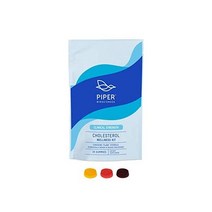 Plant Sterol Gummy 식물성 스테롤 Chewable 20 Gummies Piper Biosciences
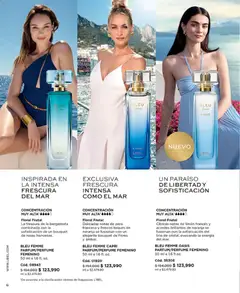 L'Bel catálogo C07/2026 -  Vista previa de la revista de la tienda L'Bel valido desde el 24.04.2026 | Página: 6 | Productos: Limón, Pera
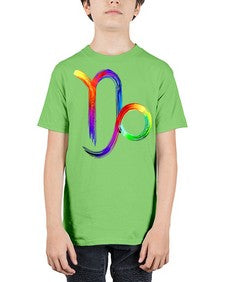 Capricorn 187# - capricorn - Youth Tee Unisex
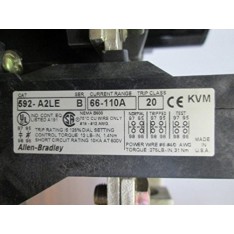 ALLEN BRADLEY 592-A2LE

--

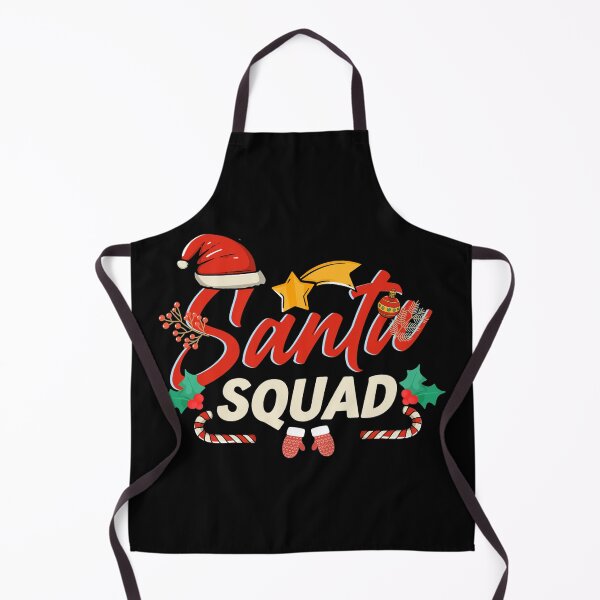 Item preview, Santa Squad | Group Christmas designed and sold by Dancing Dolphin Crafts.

▸ **Description of the task**: Using the entries above, reproduce word for word only the lines from the one that contains "Plant Sterol Gummy" to the one that contains "ALLEN BRADLEY 592-A2LE", both ends included, and drop every picture.

▸ **Task output**:
 Plant Sterol Gummy 식물성 스테롤 Chewable 20 Gummies Piper Biosciences
 L'Bel catálogo C07/2026 -  Vista previa de la revista de la tienda L'Bel valido desde el 24.04.2026 | Página: 6 | Productos: Limón, Pera
 Capricorn 187# - capricorn - Youth Tee Unisex
 ALLEN BRADLEY 592-A2LE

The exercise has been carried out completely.